Authors: KOBAYASHI, Kazuhiro and OGITA, Kenichi (Nagoya Univ./TARVO, Inc.) and DING, Ma and VIOLETA, Lester and HUANG, WenChin and TODA, Tomoki (Nagoya Univ.)
Comments: Submitted to ASJ2024 Autumn (日本音響学会2024年秋季研究発表会).
Brief explanation (not the abstract of the paper):
This paper presents PESC (Pseudo-electrolaryngeal Speech Corpus), a dataset that consists of Japanese transcripts and speech data from multiple speakers, including both natural speech and electrolarynx (EL) speech. The corpus includes parallel data of 200 utterances per speaker from 14 healthy individuals, comprising both natural and pseudo-EL speech, as well as evaluation data of 50 utterances from 14 laryngectomees.
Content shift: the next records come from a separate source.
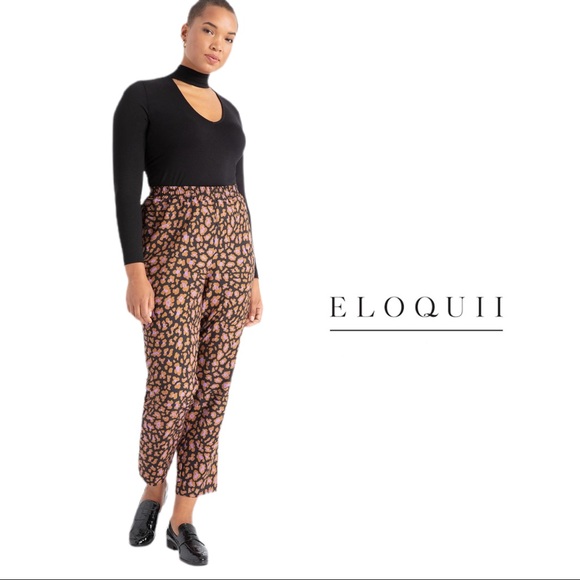 Eloquii Pants - NEW Eloquii Animal Print Joggers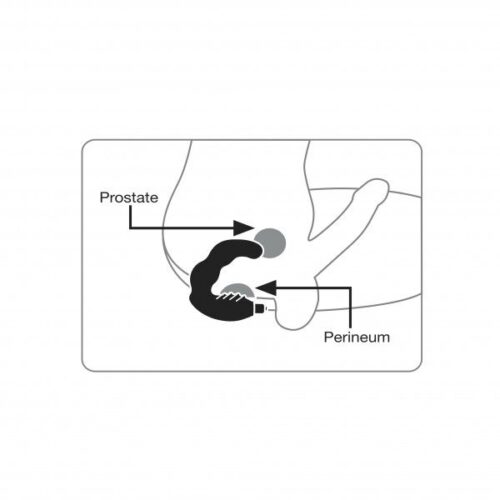 Rocks Off Bad-Boy 7 Male Prostate Massager - Black, One Size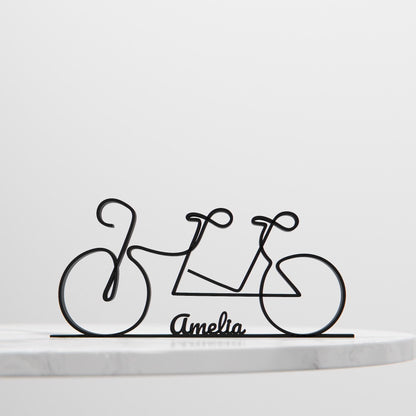 Anatolian Gift BoxTandem Bicycle - Customized Line Art Figure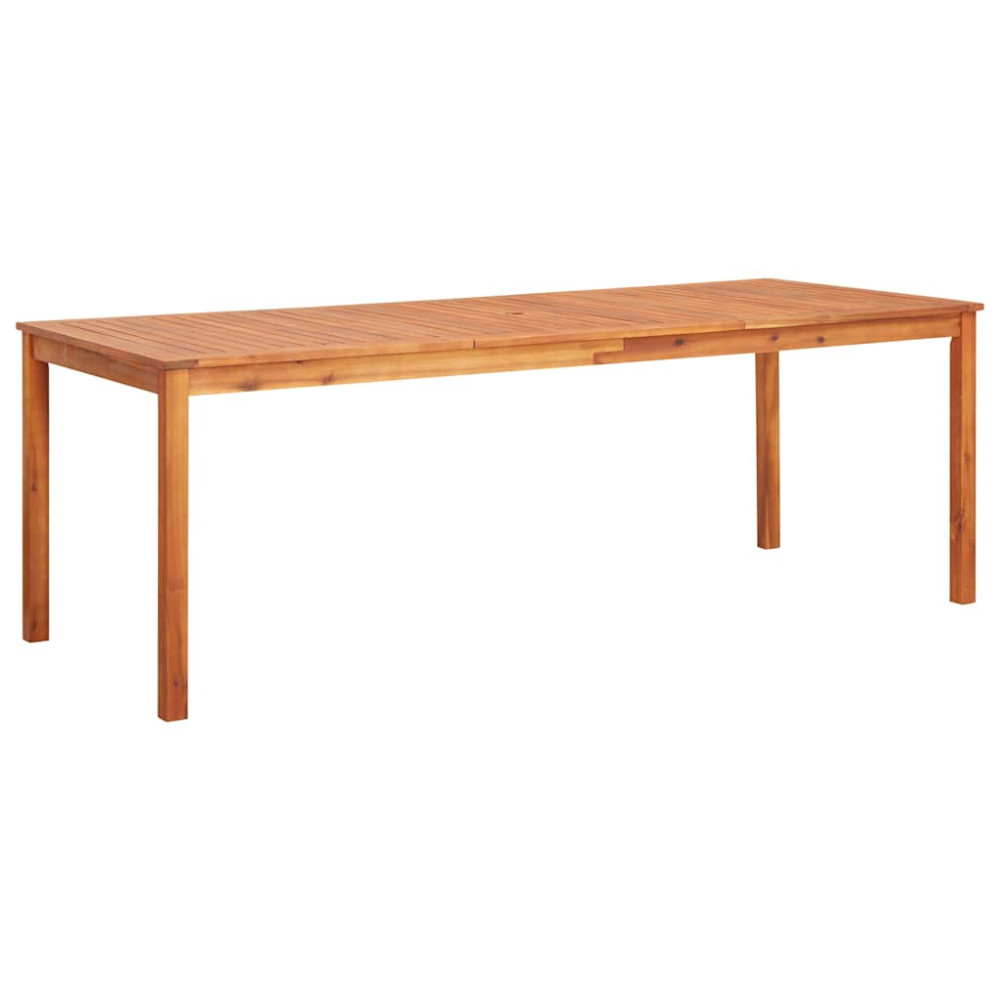 Produktbild för Trädgårdsbord 215x90x74 cm massivt akaciaträ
In this demo page, we present the voice conversion (VC) samples. The experiments was in a one-to-one setting, and the model was AAS-VC, a non-autoregressive sequence-to-sequence VC model whose implementation is open-sourced (see link above). We used the 200 parallel training utterances of each pseudo-speaker pair. The train/val/test split was 140/10/50. For simplicity, a Parallel WaveGAN vocoder was trained using the training utterances from all 20 speakers.